When two complete sentences are joined by a comma, and there is no conjunction present, we get a comma splice.

Incorrect: She decided not to contribute to the project anymore, she had done her share of the work.

Correcting the Problem

These are closely related sentences, but each of them completes a thought; therefore, they either need a period, a semicolon, or a comma with a conjunction between them.

Rule to Remember

A comma splice occurs when two complete sentences are joined by a comma, and there is no conjunction present.

Correct: She decided not to contribute to the project anymore. She had done her share of the work.
Correct: She decided not to contribute to the project anymore; she had done her share of the work.

Comma splices can be avoided by using

- a period between two complete sentences

Incorrect: A Minneapolis bridge collapsed last night, several people were reported missing.
Correct: A Minneapolis bridge collapsed last night. Several people were reported missing.

- a semicolon between two complete sentences

Incorrect: I got up late this morning, I missed my interview. I was having a terrible day!
Correct: I got up late this morning; I missed my interview.

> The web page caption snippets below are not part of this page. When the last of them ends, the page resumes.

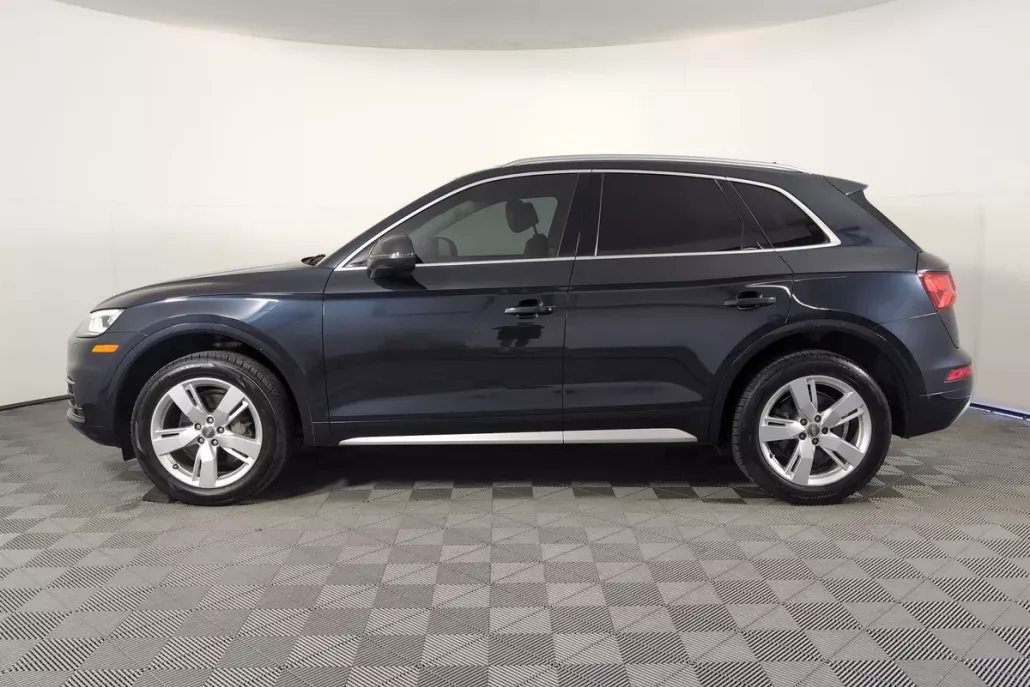 2018 Audi Q5 2.0T Premium photo 1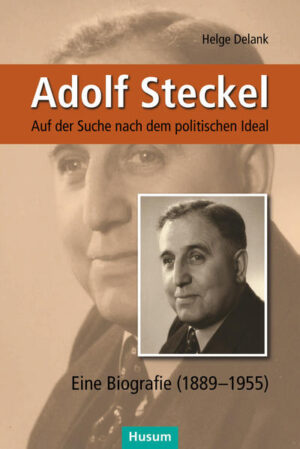 Adolf Steckel | Bundesamt für magische Wesen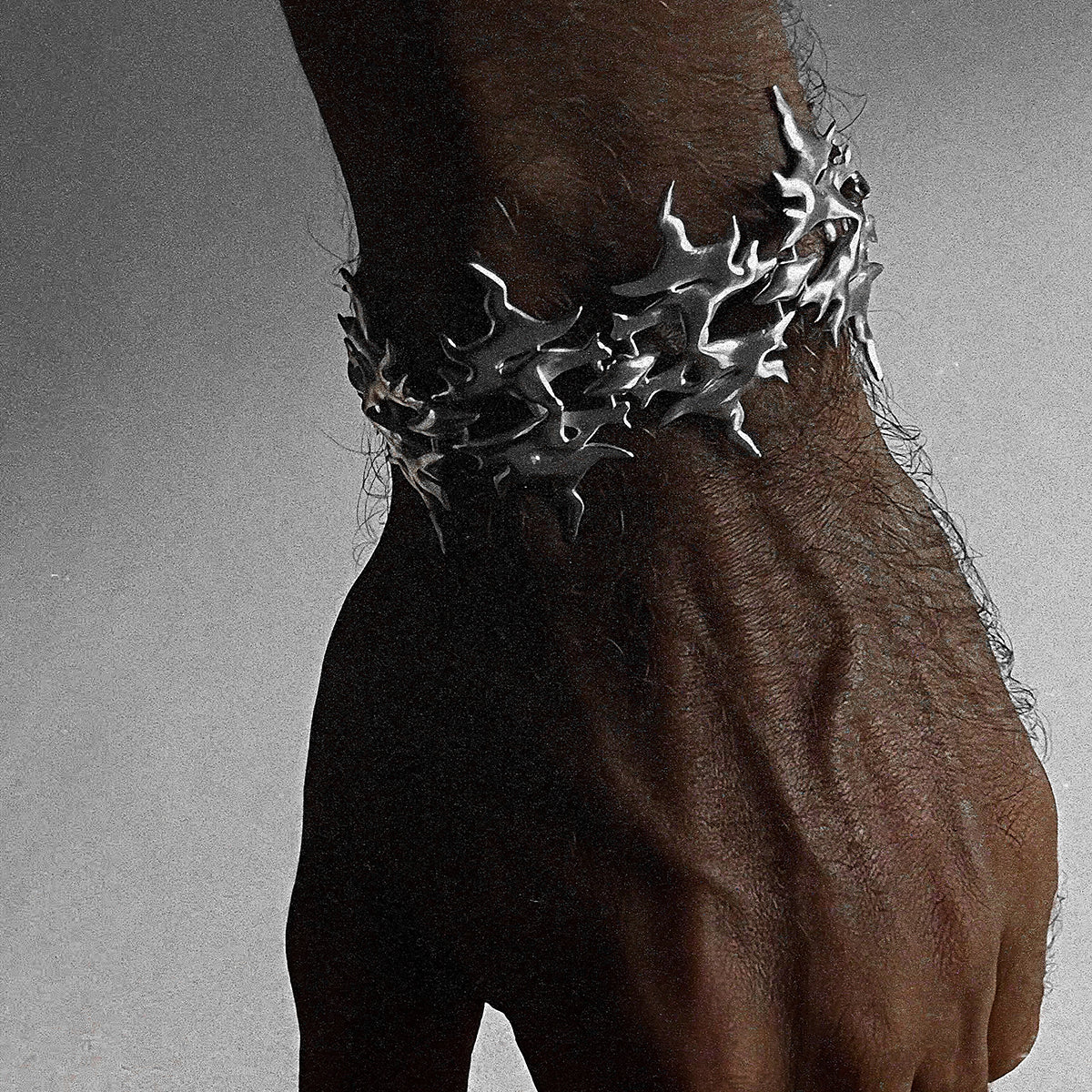 Tribal Spine Bracelet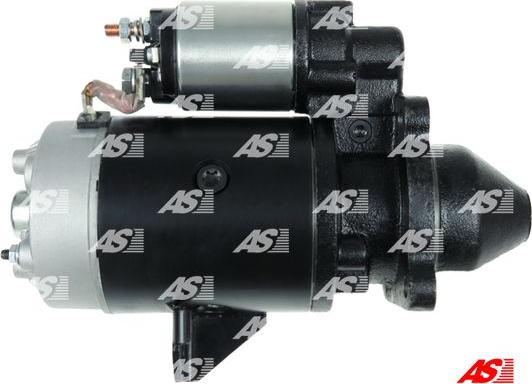 AS-PL S0642S - Startmotor xdelar.se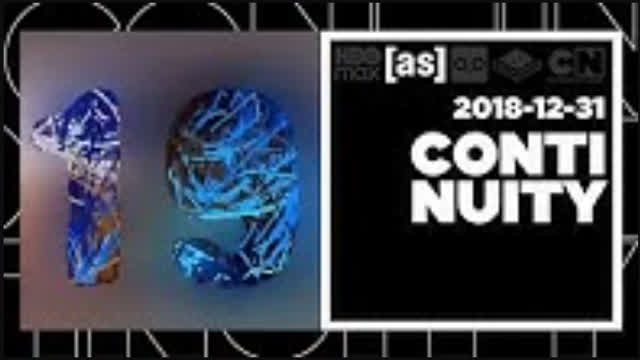 [adult swim] - New Years Eve Continuity (December 31, 2018)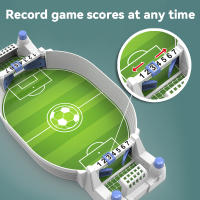 Juego De Fútbol De Mesa Para Niños Tablero Deportivo Portátil Interactivo Para Fiestas En Casa Y Exterior Juguete Educativo Adecuado Para Edades 7+ - details 1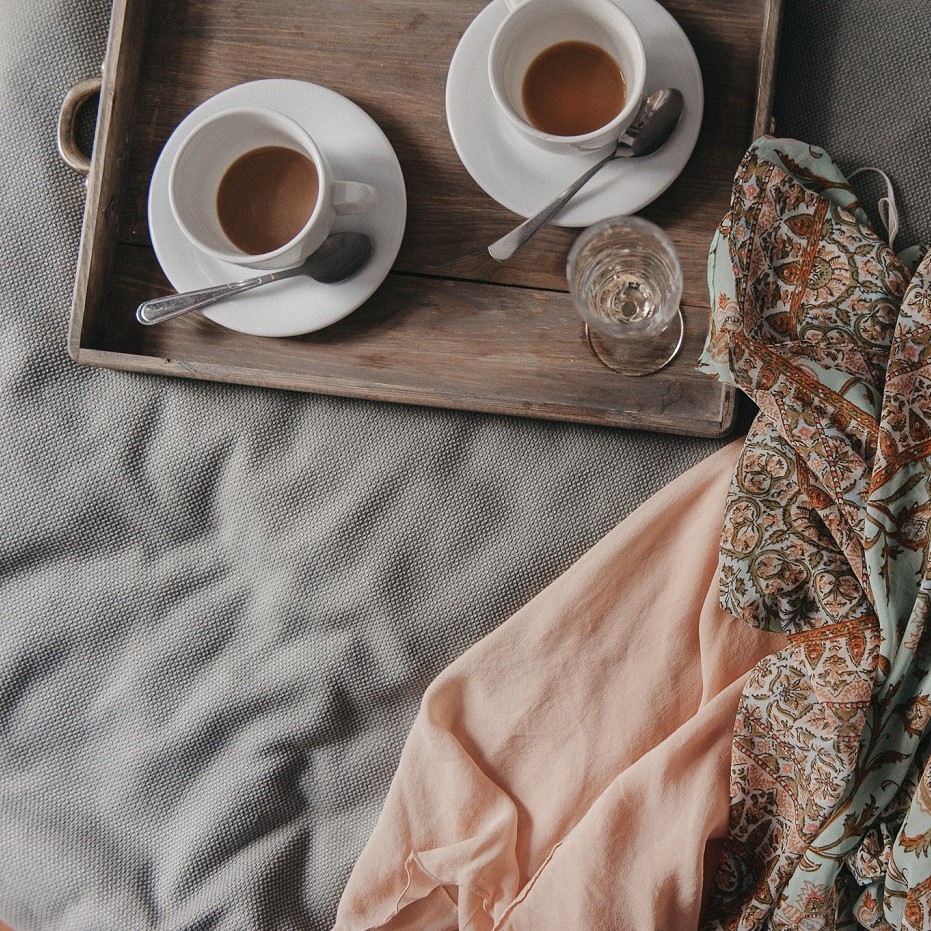 Miss Sophie's New Town coffee details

I was having a terrible day!

- a conjunction (either coordinating or subordinating)

Incorrect: I am going out of town tomorrow, need to visit my grandmother.
Correct: I am going out of town tomorrow because I need to visit my grandmother.

Rule to Remember

A comma splice can be corrected with:
- a period;
- a semicolon;
- a conjunction;
- a semicolon and a transitional word.

- a semicolon and a transitional word followed by a comma

Incorrect: Our team completed the group project, haven't submitted it yet.
Correct: Our team completed the group project; however, we haven't submitted it yet.
Correct: Our team completed the group project. However, we haven't submitted it yet.